# 2018 CAASPP Scores

Welcome to my exploration of test scores from the 2018 CAASPP testing season! Since I, too, had to take this assessment at some point in high school, I want to make use of the data and see how the scores compare between schools - specifically, between public and charter schools. Hopefully, this will give us information on how students in schools with different structures of education systems perform.

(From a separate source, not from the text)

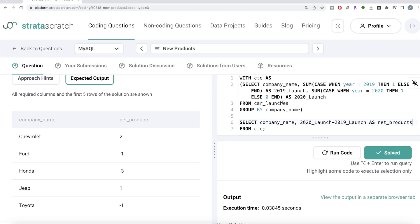Not a very difficult question. All we had to do was group by company from the car_launches table and get two columns — one for 2019 product launches and one for 2020 — then subtract to get the net difference per company. This is how we do it in both Python and SQL. Let me know if there's a better or more efficient way in the comments below, and I'll see you guys in the next video.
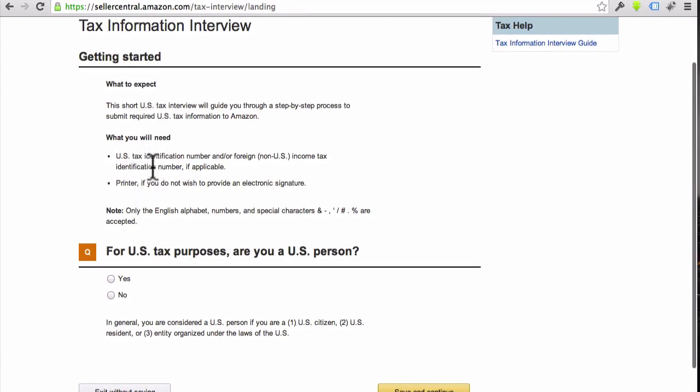They're just saying down here you're going to need your tax identification number, which everyone in the United States has. If you don't have a tax ID, you should be able to use your Social Security number, or like I mentioned earlier, you can set up what's called an EIN, an Employee Identification Number.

I will be referring to certain columns in the data that aren't clear-cut, so the definitions of each column can be found [here](#https://caaspp.cde.ca.gov/sb2018/research_fixfileformat18).

Since we'll be working with dataframes, we need to import the pandas library in order to create and manipulate dataframes based on our csv files.
We're also going to be looking at statistics of the scores, so we'll need the numpy library to determine statistical values.

In [1]:
import pandas as pd
import numpy as np

Now we can open our csv files as dataframes.

In [2]:
file = pd.read_csv("2018/comma_delimited/csv.txt", delimiter=",", sep=" ")
file_info = pd.read_csv("2018/comma_delimited/csv_entities.txt", delimiter=",", sep=" ", encoding='latin-1')

Since our data has a lot of extraneous information that we don't need, we're going to do some cleaning of the data by removing unnecessary columns and sorting by relevant attributes - School Code (in order to merge the data and its entities), Grade, and Test ID (type of assessment).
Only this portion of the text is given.